_TASK DIRECTIONS_
With images removed, transcribe each record exactly as it appears.

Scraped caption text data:
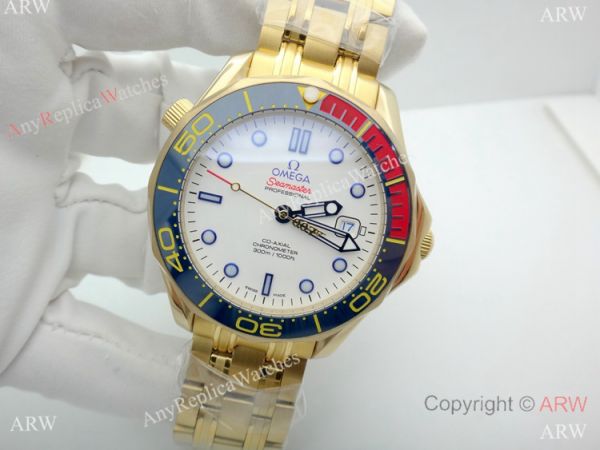 New Copy Omega Commanders 007 James Bond Yellow Gold Men Watch New Copy Omega Commanders 007 James Bond Yellow Gold Men Watch
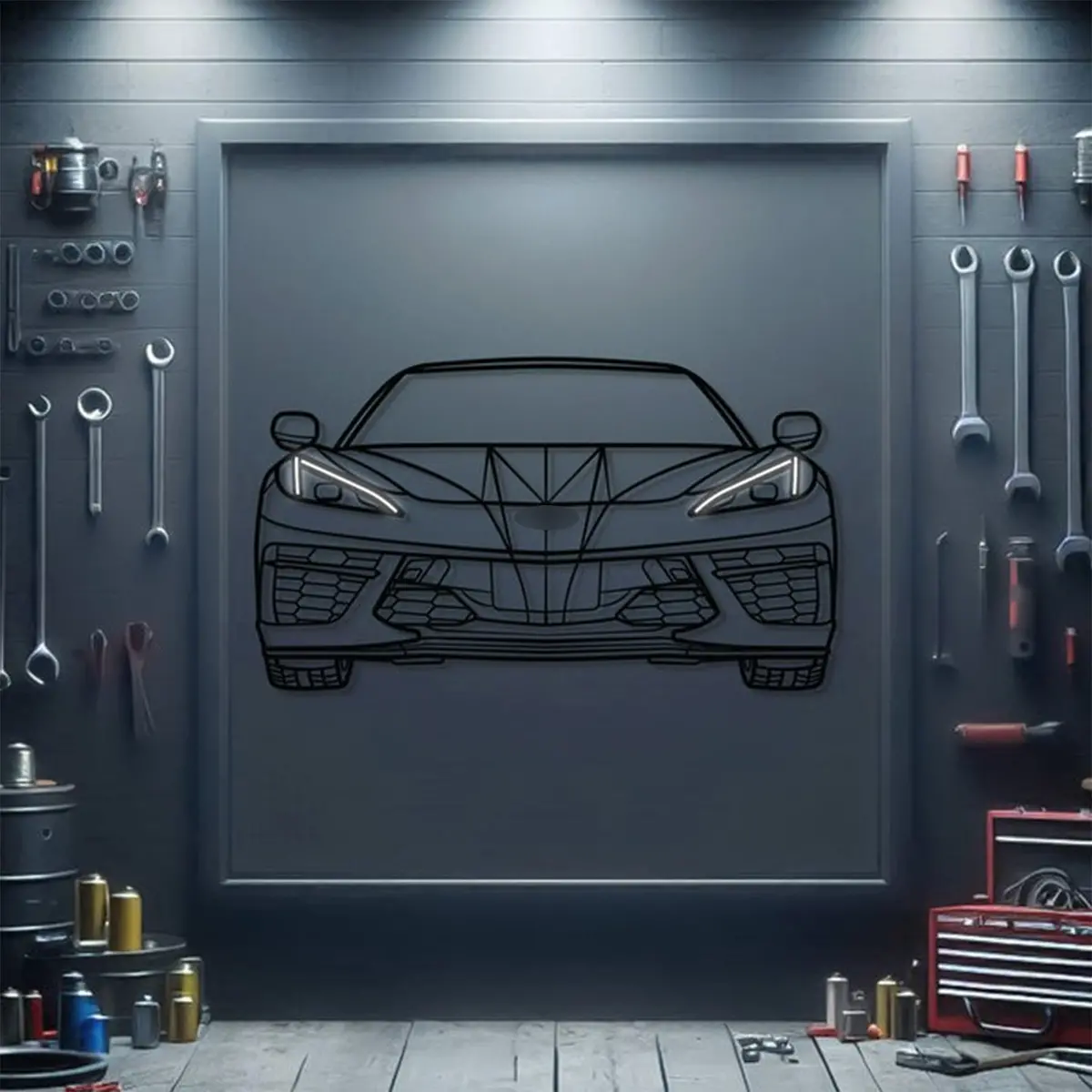Corvette C8 Front View Metal Neon Car Wall Art - Mtn0080 1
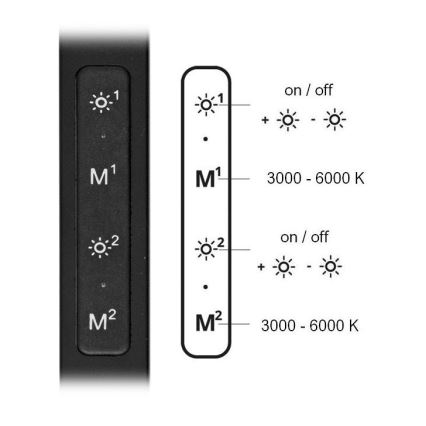 LED Stmievateľná stolná lampa SPACE LED/8W + LED/11W/230V 3000-6000K čierna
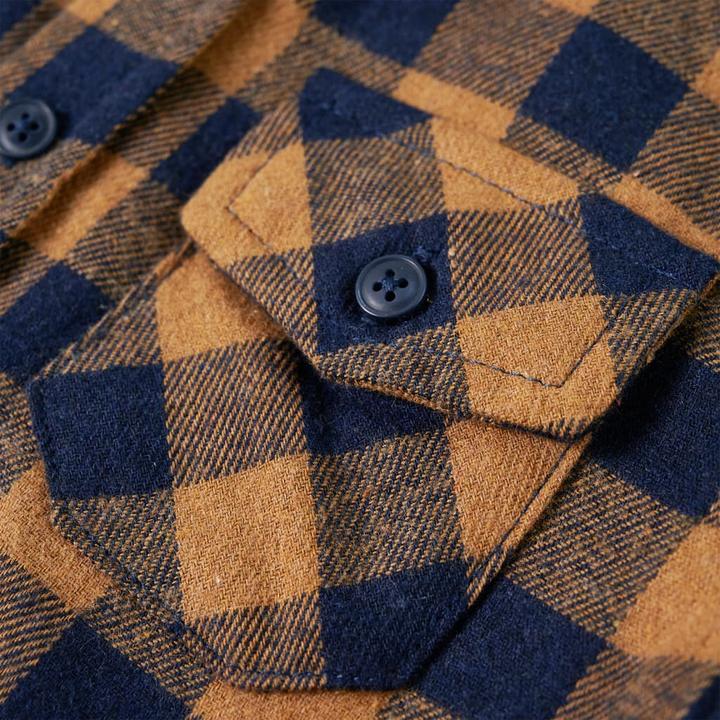 Immagine prodotto VidaXL Camicia da bambino con motivo a quadri cognac e blu 104,Materiale: 80 (104)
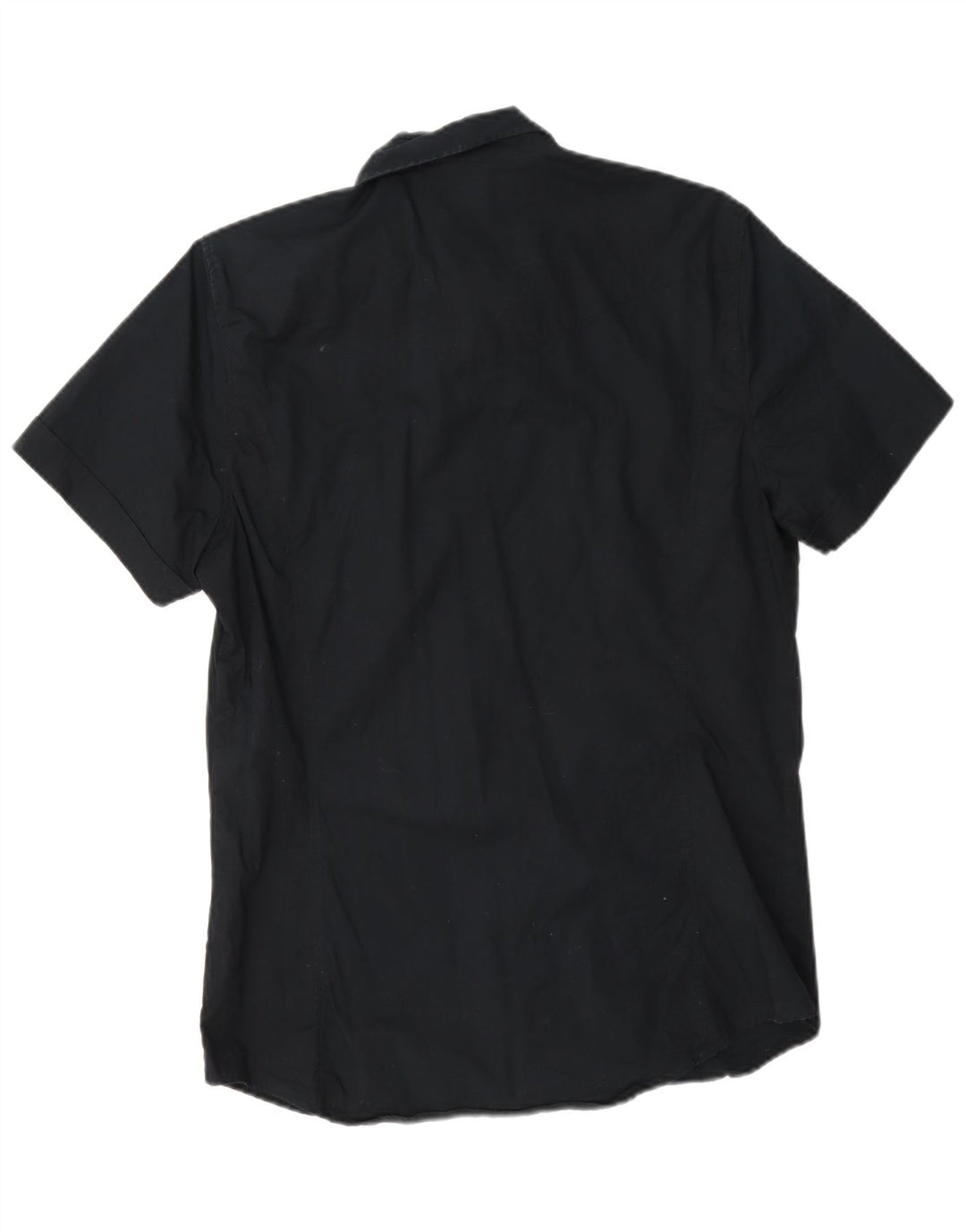 Benetton Mens Short Sleeve Shirt Large Navy Blue Cotton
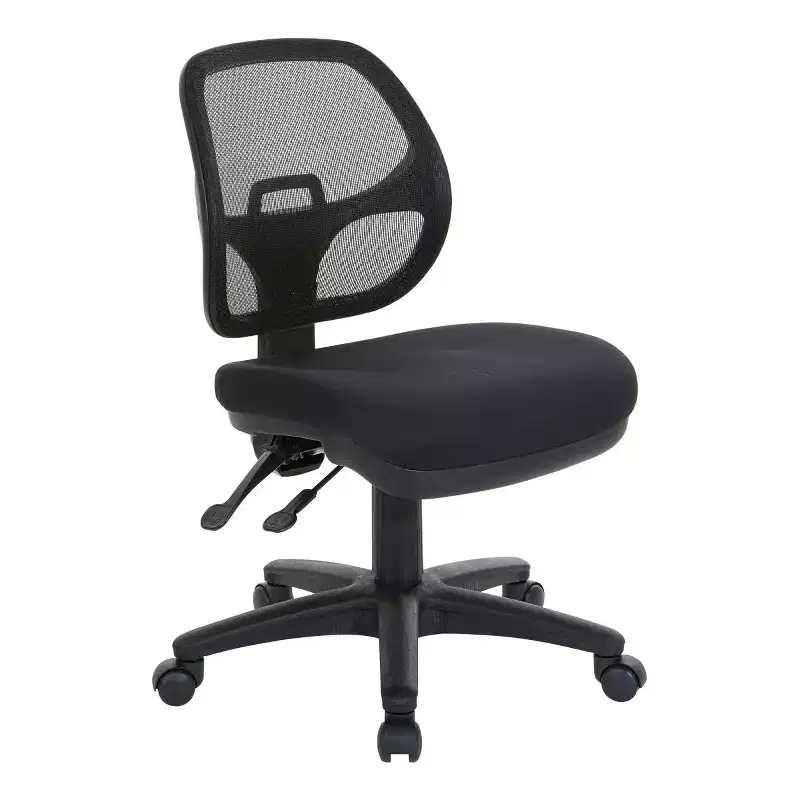 Ergonomic Task Chair Black - OSP Home Furnishings: Swivel, Mesh Lumbar Support, Adjustable Height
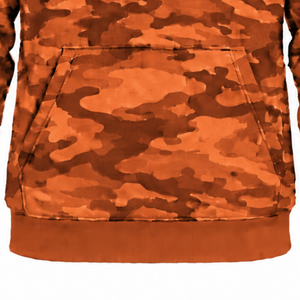 เสื้อฮู้ดดี้ลายพรางสีส้มไหม้สำหรับผู้ชาย เสื้อสเวตเชิ้ตพิมพ์ลายพรางแบบกำหนดเอง มีกระเป๋าจิงโจ้ เชือกผูก ปรับได้ แขนยาว สวมใส่สบายๆ สำหรับกิจกรรมกลางแจ้ง - Product Image 6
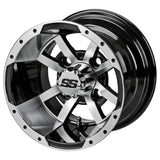 205/50-10 LSI Elite Tires on Black/Machined Maltese Cross Golf Cart Wheels
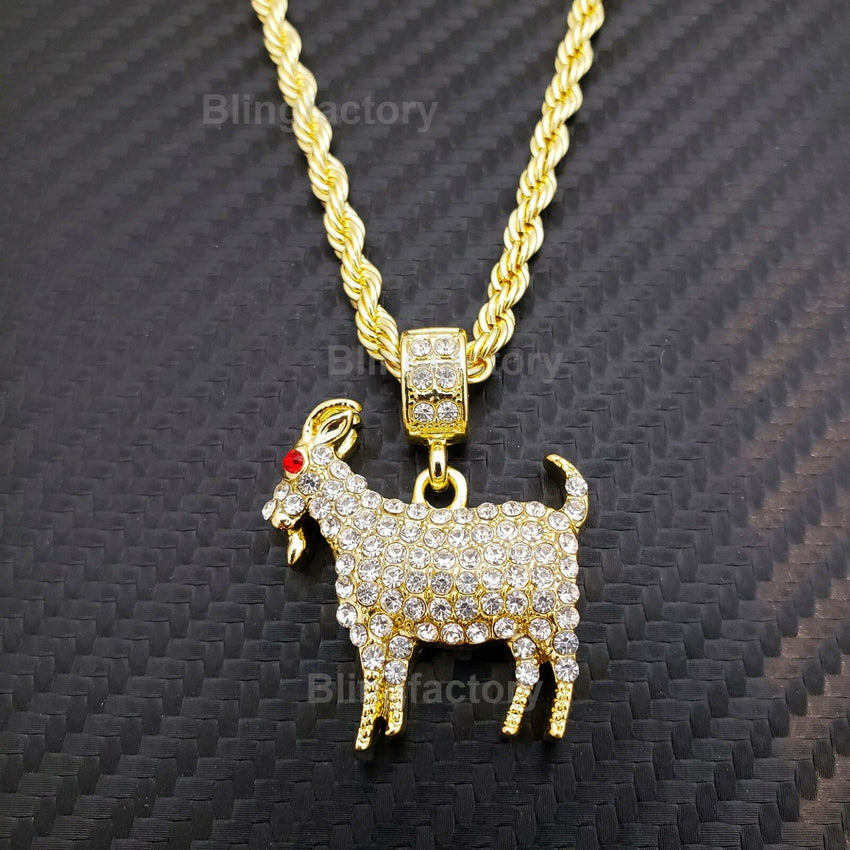 Hip Hop Iced out Gold, Silver plated GOAT Pendant & 4mm 24" Rope Chain Necklace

_ANSWER SECTION_
 New Copy Omega Commanders 007 James Bond Yellow Gold Men Watch New Copy Omega Commanders 007 James Bond Yellow Gold Men Watch
Corvette C8 Front View Metal Neon Car Wall Art - Mtn0080 1
 LED Stmievateľná stolná lampa SPACE LED/8W + LED/11W/230V 3000-6000K čierna
 Immagine prodotto VidaXL Camicia da bambino con motivo a quadri cognac e blu 104,Materiale: 80 (104)
 Benetton Mens Short Sleeve Shirt Large Navy Blue Cotton
 Ergonomic Task Chair Black - OSP Home Furnishings: Swivel, Mesh Lumbar Support, Adjustable Height
 เสื้อฮู้ดดี้ลายพรางสีส้มไหม้สำหรับผู้ชาย เสื้อสเวตเชิ้ตพิมพ์ลายพรางแบบกำหนดเอง มีกระเป๋าจิงโจ้ เชือกผูก ปรับได้ แขนยาว สวมใส่สบายๆ สำหรับกิจกรรมกลางแจ้ง - Product Image 6
 205/50-10 LSI Elite Tires on Black/Machined Maltese Cross Golf Cart Wheels
 Hip Hop Iced out Gold, Silver plated GOAT Pendant & 4mm 24" Rope Chain Necklace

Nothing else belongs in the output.